For example, anti-Zionist events, demonstrations and declarations are reported in such a way as to give the impression that no larger or alternative reading exists. Thus an article in the Montreal Gazette (May 11, 2008), covering a pro-Palestinian naqba march attended by sympathetic Jews, interviewed a member of the freakish and negligible Jewish Neturei Karta movement which opposes the Jewish state, as if it were a respectable and representative group when nothing could be further from the truth. The strategy of malign synecdoche is a standard feature of the left-wing press and can be readily discerned from even a cursory perusal of the mainstream dailies and news programs.

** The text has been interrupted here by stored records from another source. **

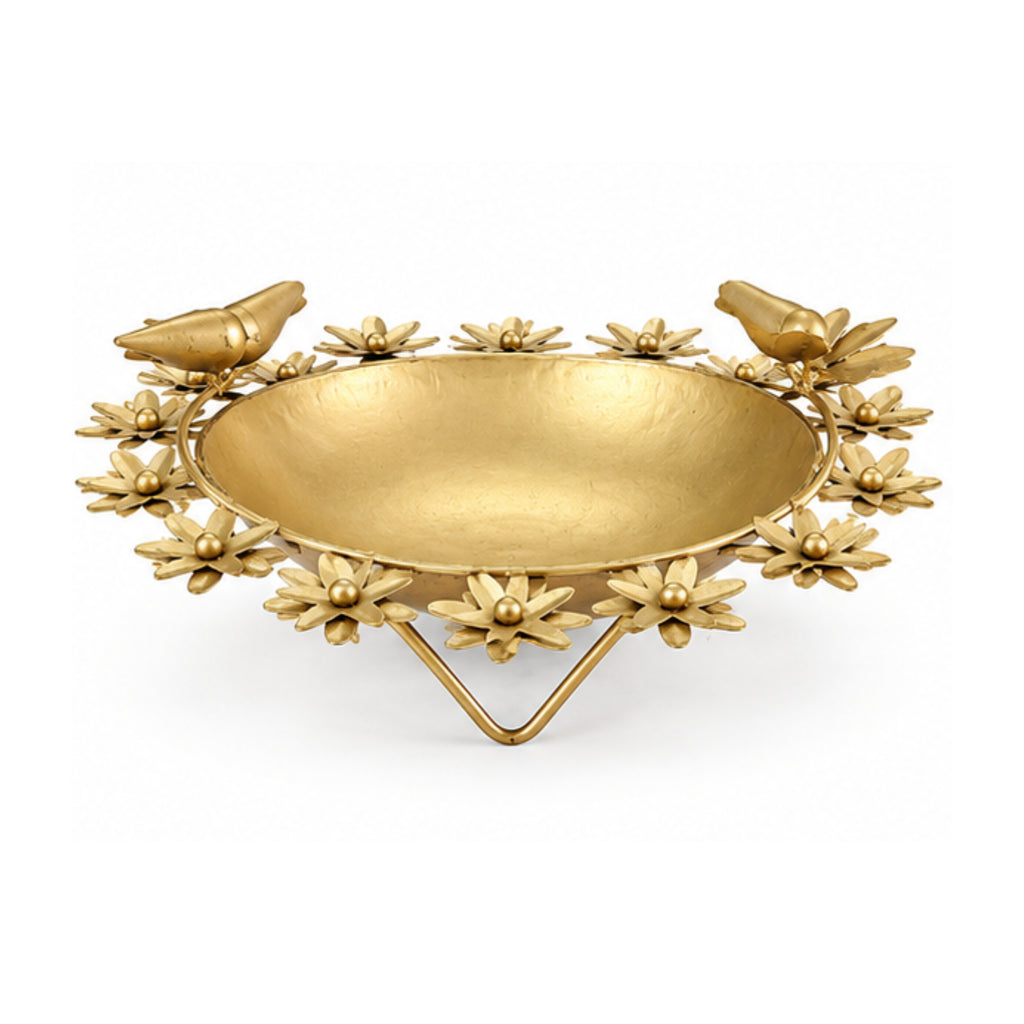 Handcrafted Gold Metal Urli Bowl with Floral Rim and Perched Bird Accents (Antique Matte Finish) W-130-A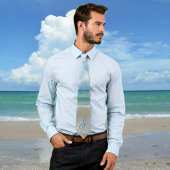 海表示の写真モノグラムの ネクタイ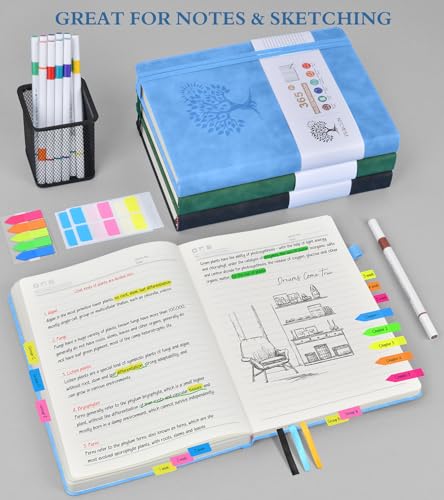 A5 Lined Journal Notebook - 365 Page Leather Journals for Writing Women & Men，Hardcover Notebook with 100Gsm Thick Pages，Daily Diary for Travel, Work，School，Note Taking，College Ruled (5.9" x 8.5") - color: Blue, size: A5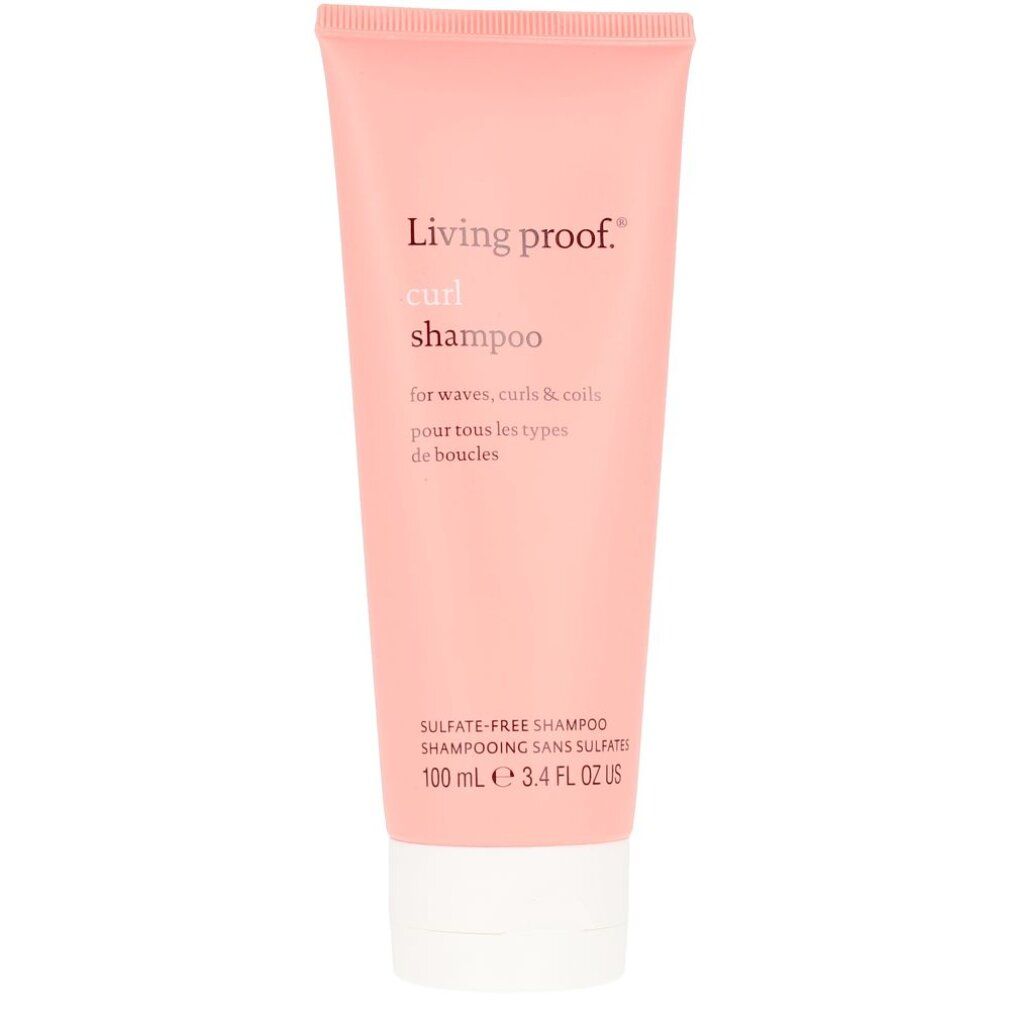 Tubo rosa con Living proof curl shampoo. Per onde, ricci e boccoli. Shampoo senza solfati. In basso: 100 ml.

The trouble is that most of us have little time to dig for reliable information on our own initiative: the demands of the 9 to 5 realm preclude a valid and in-depth understanding of the 9/11 realm, confining us to above-the-fold newspaper reports and six o’clock newscasts digested with supper. Others, regrettably, have little inclination to demystify ideas that have become sanctified by inertia and a certain illusory comfort—the comfort of a supposedly manageable and rational world that conforms to the dictionary of received opinions. Machiavelli was sadly correct when he observed in The Prince that “the great majority of mankind are satisfied with appearances, as though they were realities, and are often more influenced by things that seem, than by those that are.”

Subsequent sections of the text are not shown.